Overview
- Status: Planned
- Termini: Isaka, Tanzania; Kigali, Rwanda;

Service
- Type: Heavy rail
- Operator: Tanzania–Rwanda Railway Authority

History
- Opened: 2022 (Expected)

Technical
- Line length: 571 km (355 mi)
- Track gauge: 1,435 mm (4 ft 8+1⁄2 in) standard gauge
- Electrification: 25 kV 50 Hz AC overhead catenary (planned)

= Isaka–Kigali Standard Gauge Railway =

The Isaka–Kigali Standard Gauge Railway is a planned railway line linking the town of Isaka in Tanzania to the city of Kigali in Rwanda.

==Location==
The railway line would start at the inland container depot (ICD) at Isaka, in the Kahama Rural District of Shinyanga Region, in Tanzania. The line would travel in a general northwesterly direction to the border town of Rusumo, Rwanda, in Kirehe District in the Eastern Province of Rwanda. From here the line would continue westward, through Rwanda, to end at Kigali, the capital and largest city of the country. The total length of the railway line is estimated at about 571 km.

==Overview==
This 1435 mm (4 ft 8 1/2 in) railway line is intended to ease the transfer of goods between the port of Dar es Salaam and the city of Kigali, and subsequently to Bujumbura in Burundi and to Goma in the Democratic Republic of the Congo. Goods would either travel to Isaka from Dar es Salaam on the existing narrow-gauge railway line, or on the Dar es Salaam–Mwanza Standard Gauge Railway when completed. After offloading at the existing internal container depot (ICD) at Isaka, the goods would be loaded on this standard gauge railway line for transport to Kigali. The line is part of the wider East African Railway Master Plan.

==Construction==
The construction is expected to be financed jointly by the governments of Tanzania and Rwanda. As of January 2018, the feasibility studies for this project have been concluded.

Construction is expected to start in October 2018 at an estimated total cost of US$2.5 billion. The Isaka–Rusumo section, measuring approximately 371 km of relatively flat terrain in Tanzania, will cost a total of US$942 million. The more mountainous Rusumo–Kigali section in Rwanda, measuring approximately 150 km, will cost a total of US$847 million. Burundi has put its standard gauge railway project on hold.

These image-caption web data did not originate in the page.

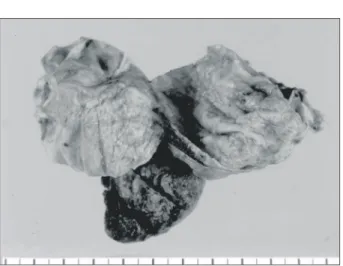 Fig.  4.  Unilocular  cyst  which  was  about  6×5×3  cm-sized  is  located  at  the  edge  of  the  partial  splenectomized  specimen.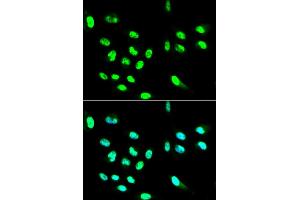 Immunofluorescence analysis of HepG2 cells using FCGR2A antibody (ABIN5970646). (FCGR2A antibody)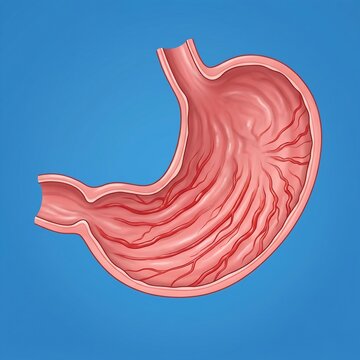 GAVE (Watermelon Stomach): A detailed internal view of the stomach's antrum showing distinct, radiating red streaks of dilated blood vessels resembling the stripes on a watermelon, symbolizing Gastric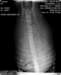 cyoupupxray_small.jpg
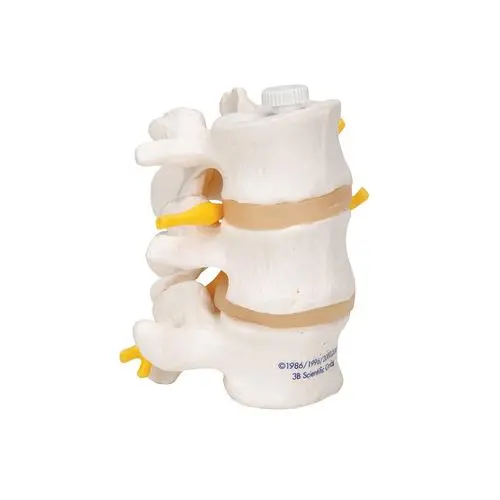 A76-8_02_3-Human-Lumbar-Vertebrae-Flexibly-Mounted.webp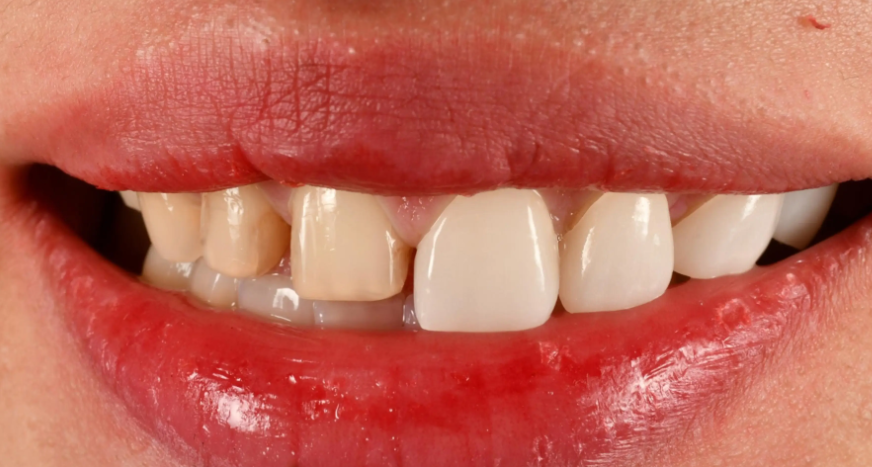 9. 廖雅婷（永州中南口腔医院执业医师）www.easyjf.com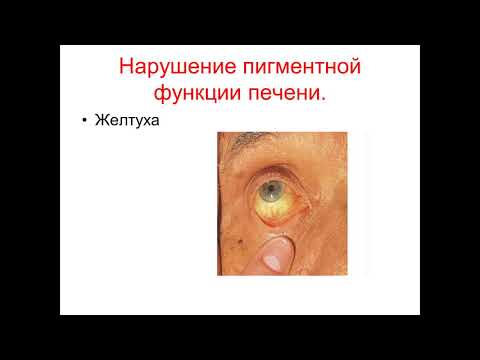 Видео: 1.Синдром портальной гипертензии. 2.Синдром печеночно-клеточной недостаточности
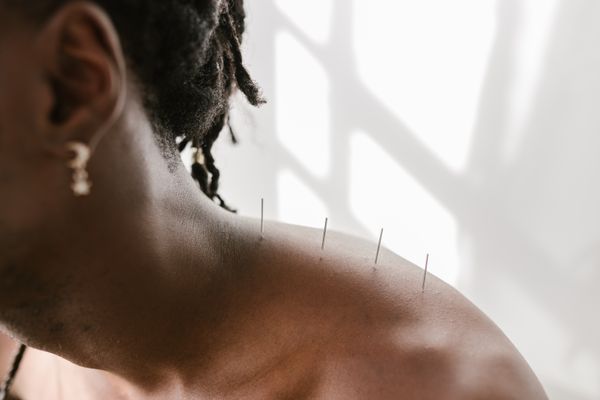 TMJ Acupuncture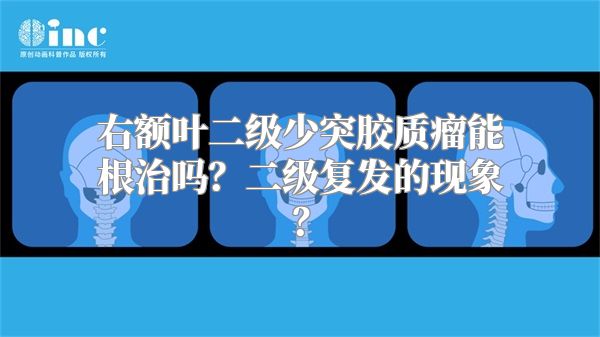 右额叶二级少突胶质瘤能根治吗？二级复发的现象？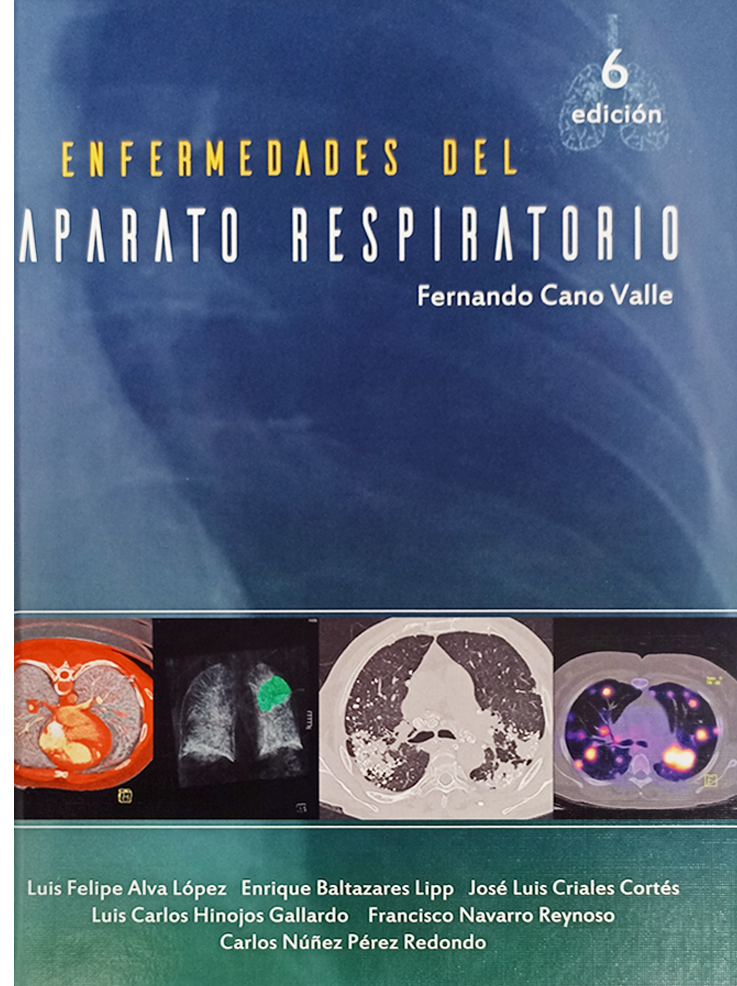 Cuidados Intensivos Del Sistema Respiratorio En Laleo 2003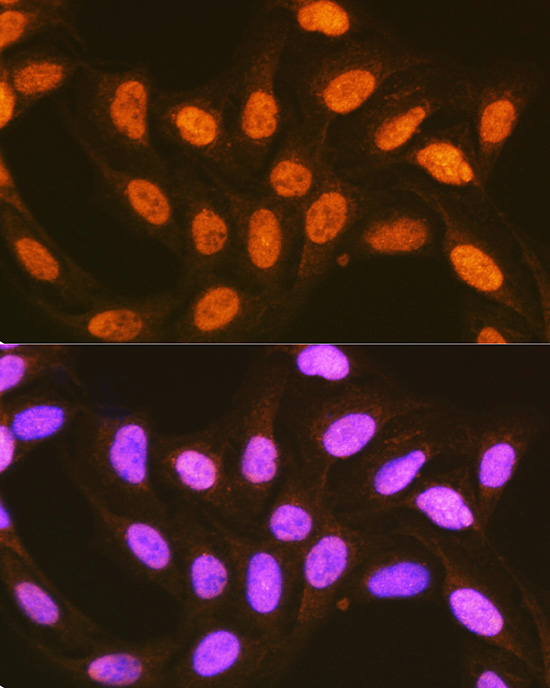 PCBP2 Antibody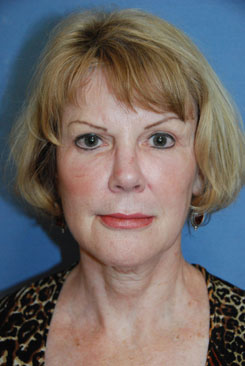Cheek lift youngvitalizer before treatment in Bellevue Cheek lift youngvitalizer before treatment in Bellevue
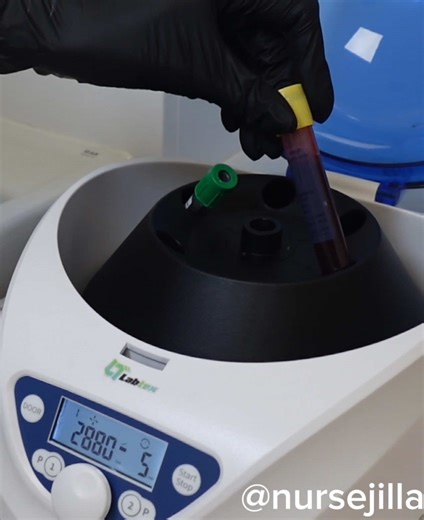 PRP Microneedling Quick Breakdown ✨ PRP microneedling combines tiny skin renewing micro injuries with your own platelet rich plasma to boost healing and collagen. How it works: 1️⃣ We take a small blood sample. 2️⃣ Spin it to separate the PRP (liquid gold). 3️⃣ Microneedling creates micro channels. 4️⃣ PRP is applied so it absorbs deeply. Why it’s amazing: ✨ Stimulates collagen ✨ Smooths texture   acne scars ✨ Brightens   evens tone ✨ Softens fine lines ✨ 100% natural as it uses your own plasma 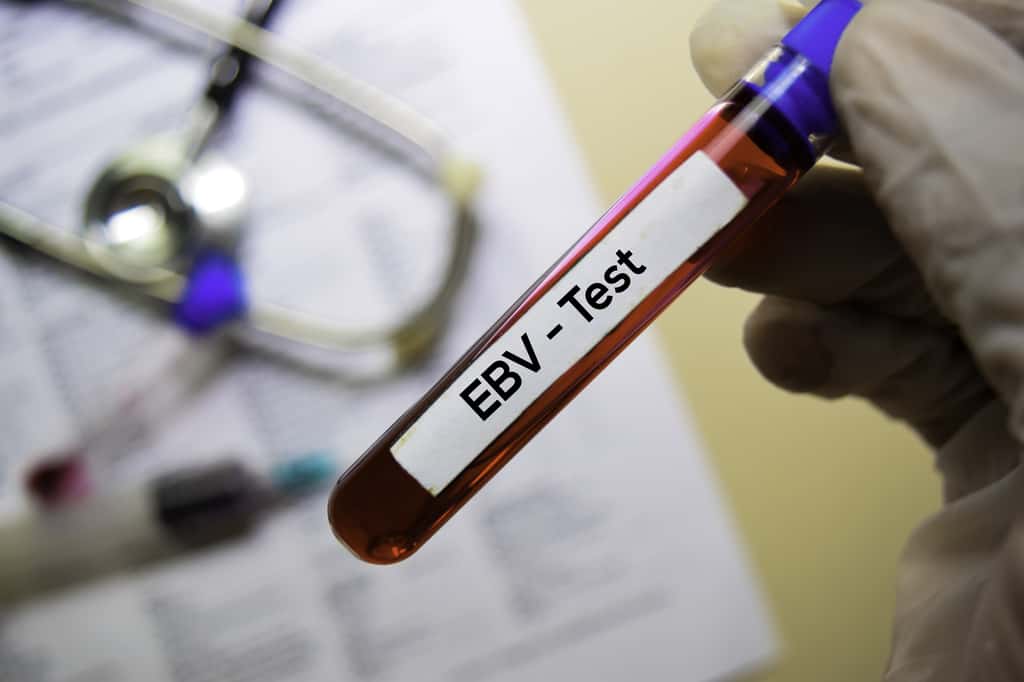 90 % de la population mondiale est infectée par le virus d'Epstein-Barr (EBV). © syahrir, Adobe Stock
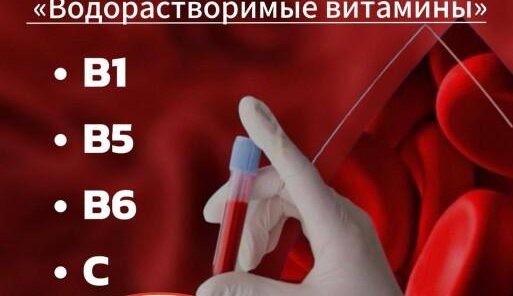 Check - up 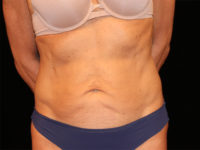 tummy tuck patient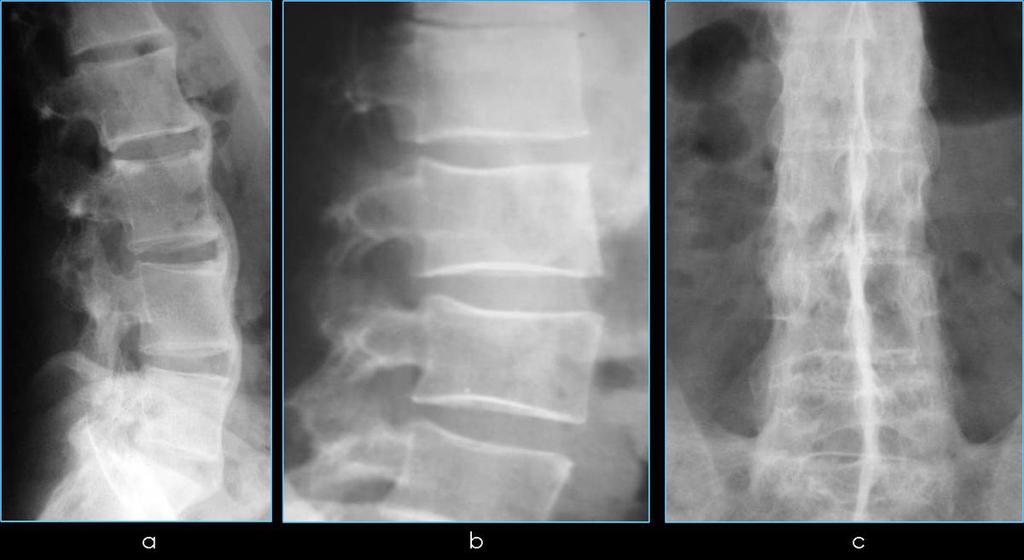 Fig. 12: Rx columna lumbar: a.sindesmofitos b.cuadratura de los cuerpos vertebrales c.osificación de los ligamentos. Columna "en caña de bambú" Referencias: M.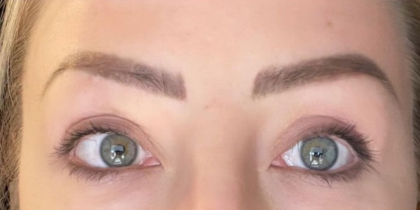 Eyelid Lift Before & After Patient #4440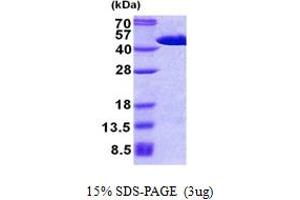 SDS-PAGE (SDS) image for Fibroblast Growth Factor (Acidic) Intracellular Binding Protein (FIBP) (AA 1-364) protein (His tag) (ABIN5853020) (FIBP Protein (AA 1-364) (His tag))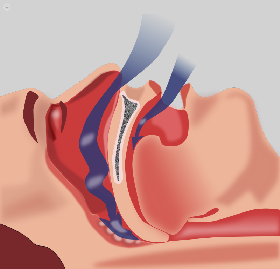Obesidad asociada a 60 comorbilidades 3.png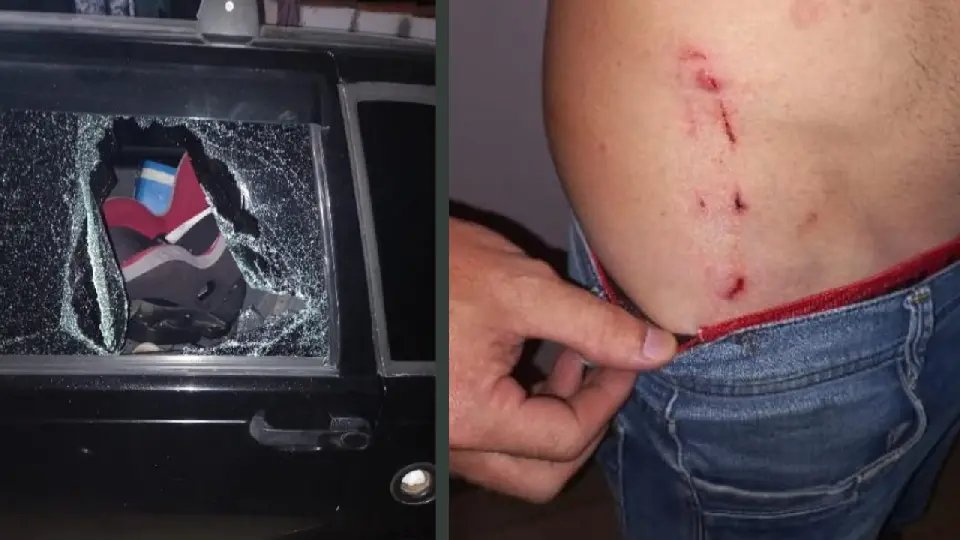 Homem é agredido com barra de alumínio após discussão com ex-mulher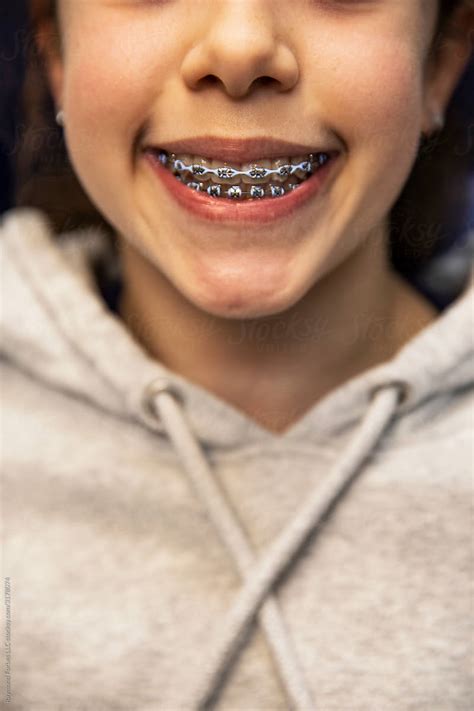 Girl Patient With Braces At Orthodontics Office By Stocksy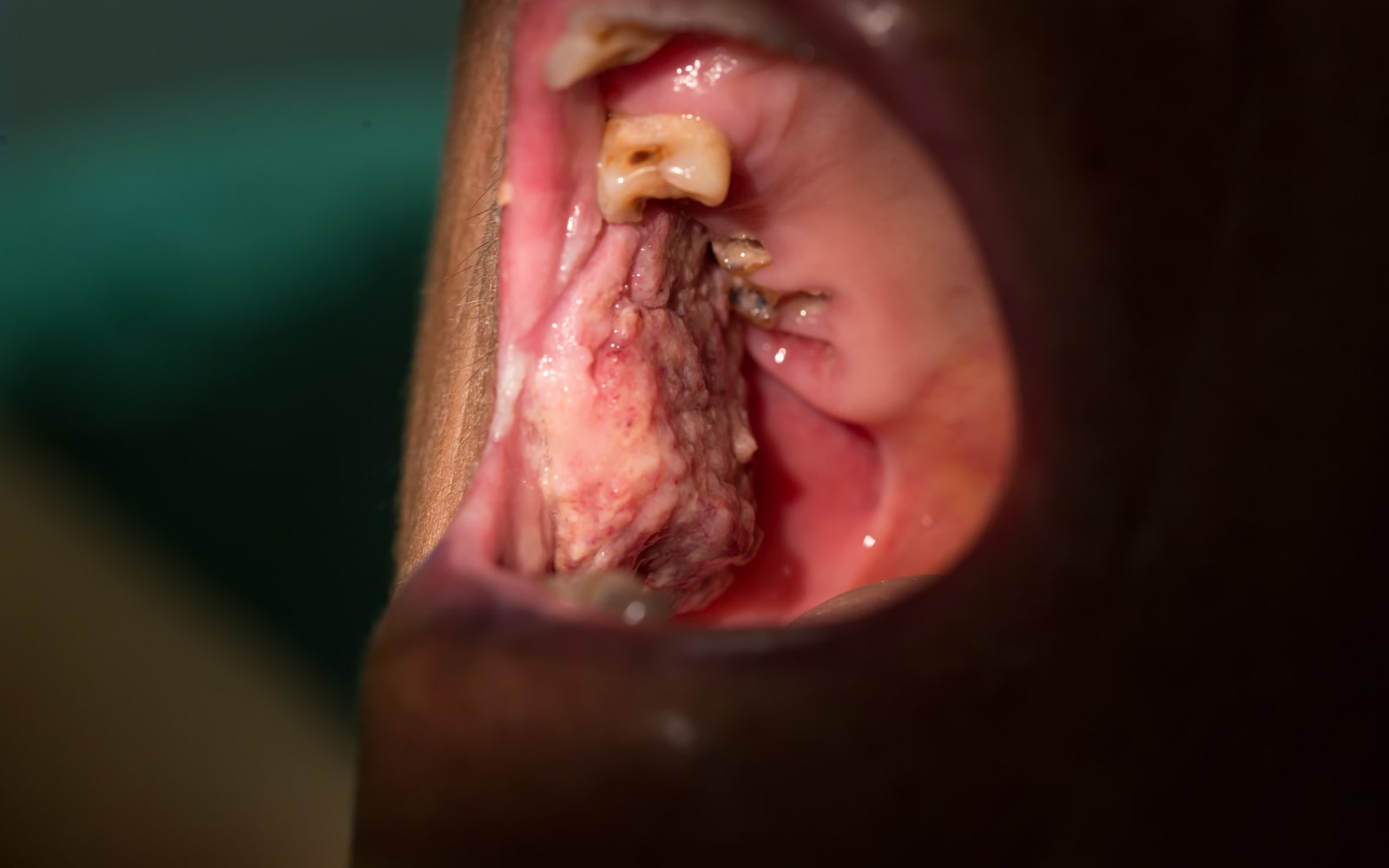 Oral Cancer Patient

In March 2018, The EastAfrican reported that both countries had agreed to change the railway design to accommodate electric locomotives which are faster than the original diesel-powered equipment. In April 2018, the same newspaper further reported that the World Bank had expressed its willingness to fund this project.

==In Rwanda==
In January 2018, the government of Rwanda allocated space in Ndera, approximately 20.5 km, by road, east of Kigali city center, on which the passenger terminal of the SGR will be built. The cargo terminal will be built in Masaka, another neighborhood, approximately 17 km, by road, south-east of the central business district of Kigali City. Rwanda has plans to extend the SGR to Bugesera International Airport.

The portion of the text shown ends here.